Representative Democracy

Representative Democracy might produce decent government but it is not Democracy whatever the Wikipedia might choose to say. It clearly is not Direct democracy, the sort where people vote in person, power matches responsibility, where they get to live with their own decisions.

Representative Democracy is different; it is easier to manipulate than the real thing. That is why the Zionist crazies, the Puppet Masters,  like it. As Gilad Atzmon told us: Jews Buy All Western Politicians For Less Than One Main Battle Tank. Do they come that cheap? Probably not but he is very much on the right lines. NB Blackmail is more cost effective, which is why Mossad found Jeffery Epstein so useful.

If anyone thinks that the policy of importing millions of Third World aliens into European is not contrary to the wishes of the people, is not Trahison des Clercs & not Treason has not really thought it through. It is not just the political class but the those controlling the Main Stream Media and Education Industry too.

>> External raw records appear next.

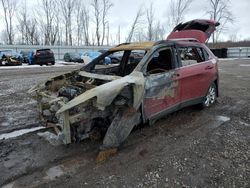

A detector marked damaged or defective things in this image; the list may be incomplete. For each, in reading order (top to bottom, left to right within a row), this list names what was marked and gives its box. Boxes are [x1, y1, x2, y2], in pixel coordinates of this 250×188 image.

burned suv [29, 19, 220, 162]
burnt hood [167, 19, 220, 43]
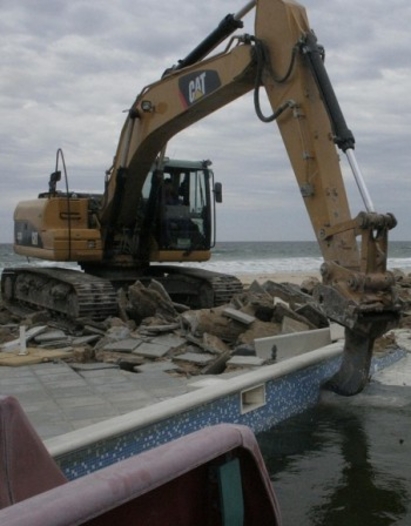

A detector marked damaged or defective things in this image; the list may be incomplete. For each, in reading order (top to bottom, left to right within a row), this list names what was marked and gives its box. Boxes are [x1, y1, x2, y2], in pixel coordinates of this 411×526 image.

broken concrete slab [224, 310, 256, 326]
broken concrete slab [256, 328, 334, 366]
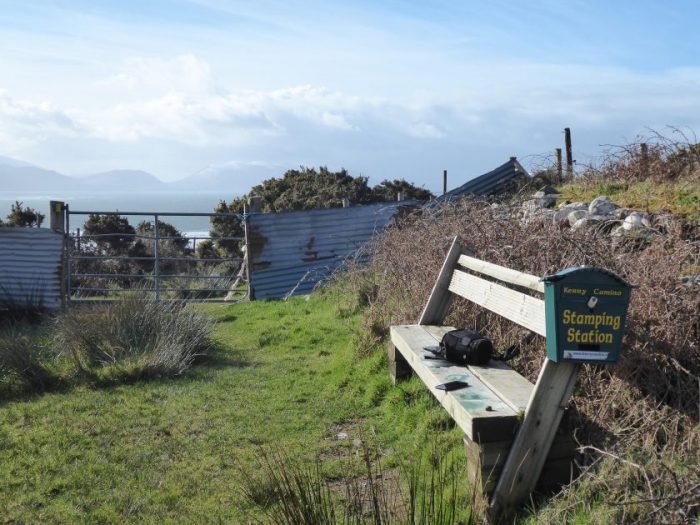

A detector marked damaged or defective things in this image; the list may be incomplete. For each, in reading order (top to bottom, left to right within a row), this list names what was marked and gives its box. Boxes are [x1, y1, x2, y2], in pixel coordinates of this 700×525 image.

rusty corrugated iron sheet [438, 157, 532, 200]
rusty corrugated iron sheet [0, 227, 64, 310]
rusty corrugated iron sheet [246, 202, 412, 298]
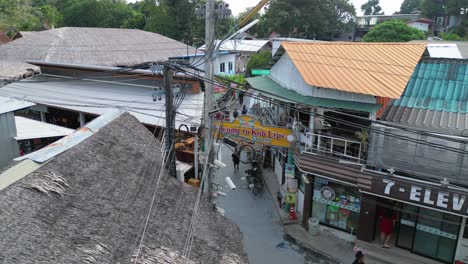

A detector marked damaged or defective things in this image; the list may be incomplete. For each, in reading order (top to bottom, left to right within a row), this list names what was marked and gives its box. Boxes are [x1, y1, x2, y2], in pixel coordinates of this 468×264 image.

rusty metal roof [280, 42, 426, 99]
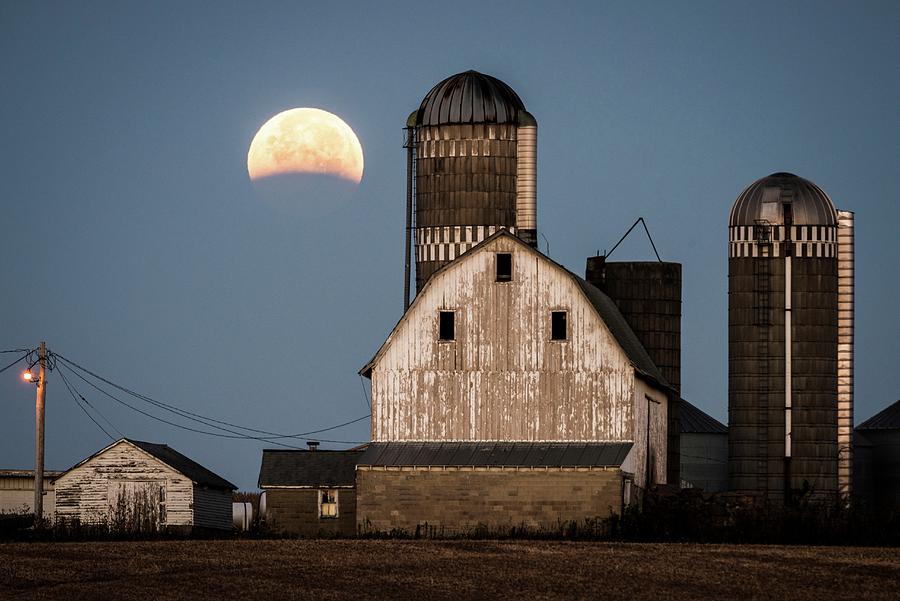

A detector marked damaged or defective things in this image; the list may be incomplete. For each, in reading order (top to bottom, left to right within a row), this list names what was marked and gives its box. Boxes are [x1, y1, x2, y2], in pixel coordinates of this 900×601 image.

barn wall peeling paint [370, 237, 636, 442]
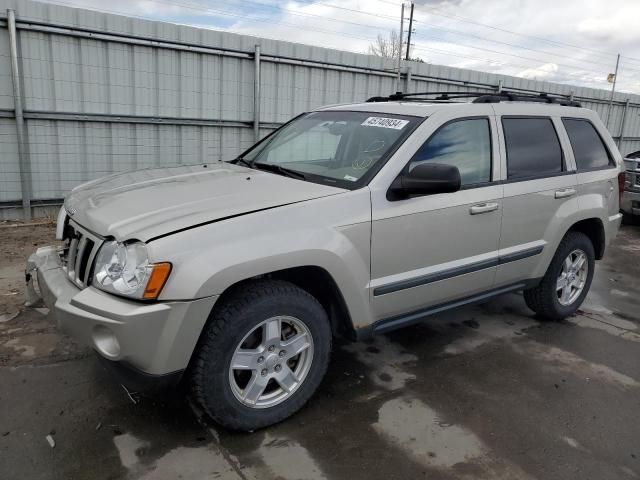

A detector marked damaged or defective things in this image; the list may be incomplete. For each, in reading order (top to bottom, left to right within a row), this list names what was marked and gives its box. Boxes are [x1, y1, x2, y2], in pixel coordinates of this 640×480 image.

damaged front bumper [25, 246, 219, 392]
cracked headlight [93, 240, 171, 300]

Representative Democracy ex Wiki
Representative democracy
(also indirect democracy, representative republic, or psephocracy) is a variety of democracy founded on the principle of elected officials representing a group of people, as opposed to direct democracy.[2] All modern Western-style democracies are types of representative democracies; for example, the United Kingdom is a crowned republic and Germany is a parliamentary republic.

Representative democracy is often presented as the only form of democracy possible in mass societies. It arguably allows for efficient ruling by a sufficiently small number of people on behalf of the larger number. Representative democracy has been conceptually associated with and historically instantiated by the political system known as "representative government," which was born in the 18th century with the French and American revolutions. It is a system in which people elect their lawmakers (representatives), who are then held accountable to them for their activity within government. [3]

It is an element of both the parliamentary system or presidential system of government and is typically used in a lower chamber such as the House of Commons (UK) or Bundestag (Germany), and may be curtailed by constitutional constraints such as an upper chamber. It has been described by some political theorists[who?] as Polyarchy. In it the power is in the hands of the elected representatives who are elected by the people in elections.